Clausius berekende de gemiddelde snelheid van de atomen: enkele honderden meters per seconde. Volgens Buys Ballot was deze snelheid veel te groot. Als het eten aan het ene uiteinde van een lange tafel opgediend zou worden zou je ogenblikkelijk de geur van het eten aan het andere uiteinde moeten ruiken. De atomen zouden immers nog geen tiende van een seconde nodig hebben om van de ene kant van de tafel naar de andere kant te gaan.

Clausius paste zijn theorie aan: hij gaf de atomen een zekere diameter, hij liet de atomen voortdurend op elkaar botsen en hij voerde de gemiddelde vrije weglengte in. Dit is de afstand die een atoom gemiddeld aflegt tussen twee botsingen.

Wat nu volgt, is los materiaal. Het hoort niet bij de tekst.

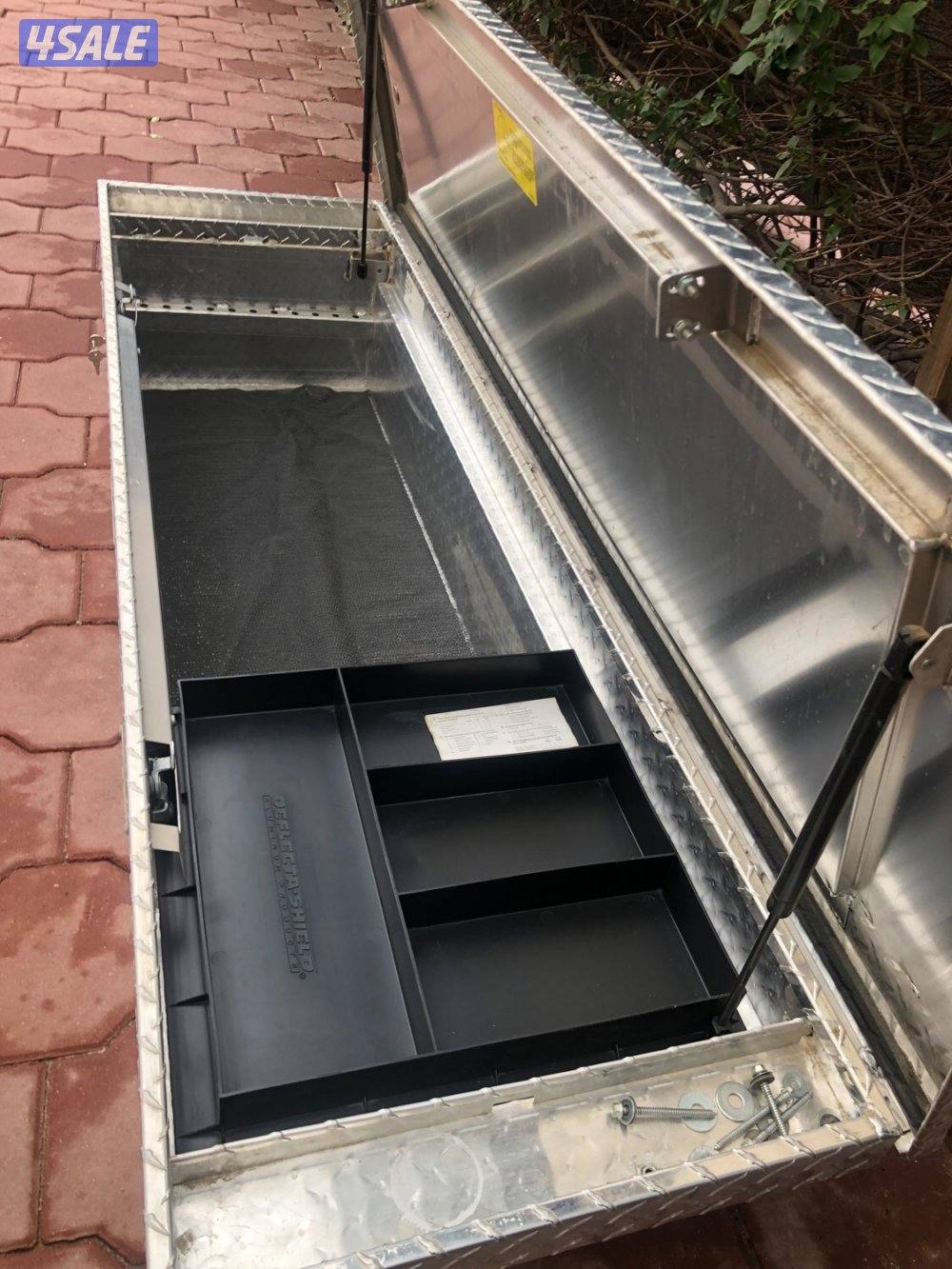 البيع صندوق5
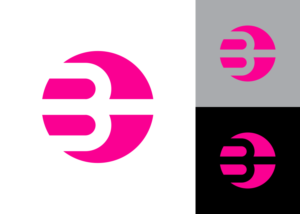 Logo Design by fespi for this project | Design: #24322056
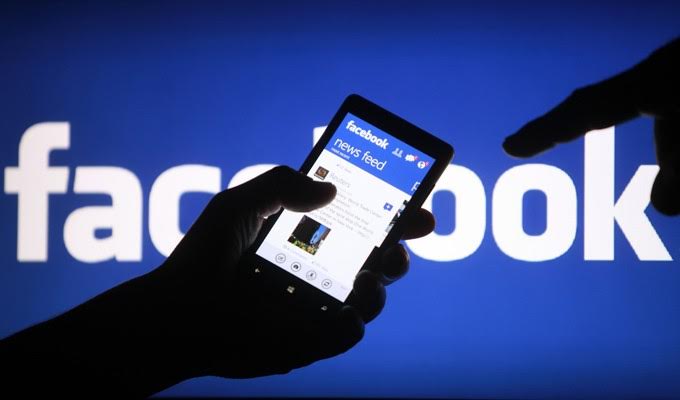 Facebook pose pied en Afrique
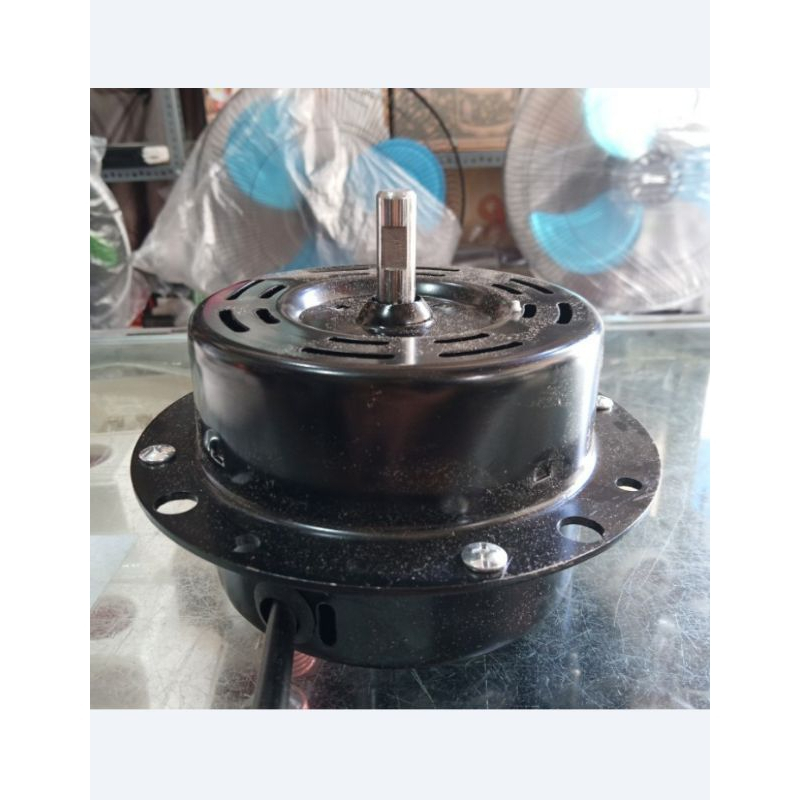 dinamo/kipas angin regency , tornado 18 inch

De atomen worden opgevat als harde bollen, een soort microscopische biljartballen. Maar hoeveel van die ballen zich bijvoorbeeld in een liter van een bepaald gas bevinden, daarover hadden de wetenschappers nog weinig inzicht. Ook over de grootte was nog weinig bekend. Loschmidt gebruikt in 1865 het feit dat een bepaalde stof in de gasfase een veel groter volume heeft dan in de vloeistoffase en hij schatte de diameter van een molecuul dat zich in lucht bevindt op een miljoenste millimeter.